■ EXERCISE BRIEF ■
Return the full set of entries precisely. Do not carry over any pictures.

■ ENTRIES SUPPLIED ■
+-------+
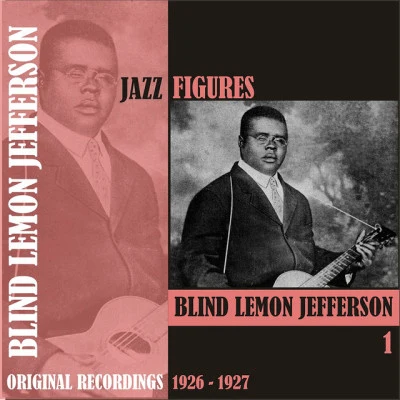 Blind Lemon JeffersonJazz FiguresBlind Lemon Jefferson, Volume 1, (1926 - 1927)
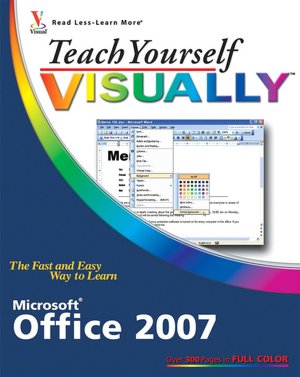 Teach Yourself VISUALLY Microsoft Office 2007
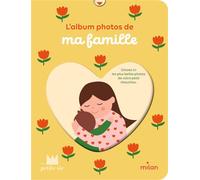 MON ALBUM PHOTOS - Ma famille - dès la naissance - Ma Petite Vie - Milan Eds - cartonné - Document jeunesse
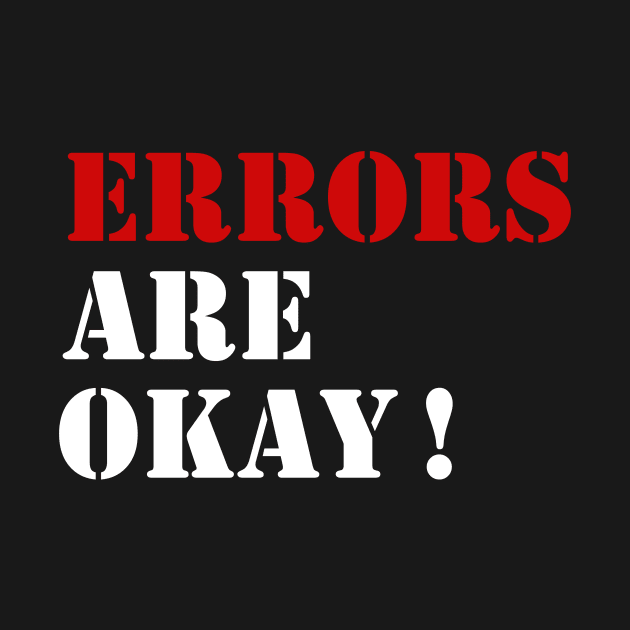 Error are okay ! by YourStyleB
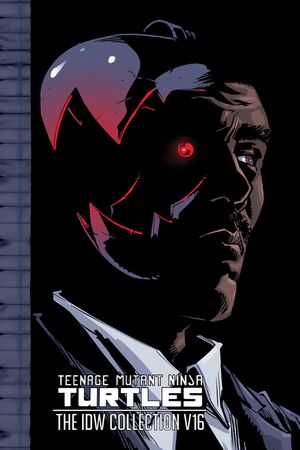 Teenage Mutant Ninja Turtles: The IDW Collection Volume 16 image number 0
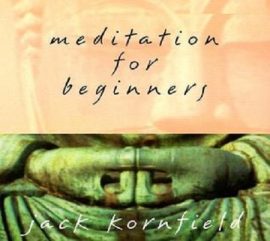 Meditation for Beginners With Jack Kornfield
+-------+
■ WRITTEN ANSWER ■
 Blind Lemon JeffersonJazz FiguresBlind Lemon Jefferson, Volume 1, (1926 - 1927)
 Teach Yourself VISUALLY Microsoft Office 2007
 MON ALBUM PHOTOS - Ma famille - dès la naissance - Ma Petite Vie - Milan Eds - cartonné - Document jeunesse
 Error are okay ! by YourStyleB
 Teenage Mutant Ninja Turtles: The IDW Collection Volume 16 image number 0
 Meditation for Beginners With Jack Kornfield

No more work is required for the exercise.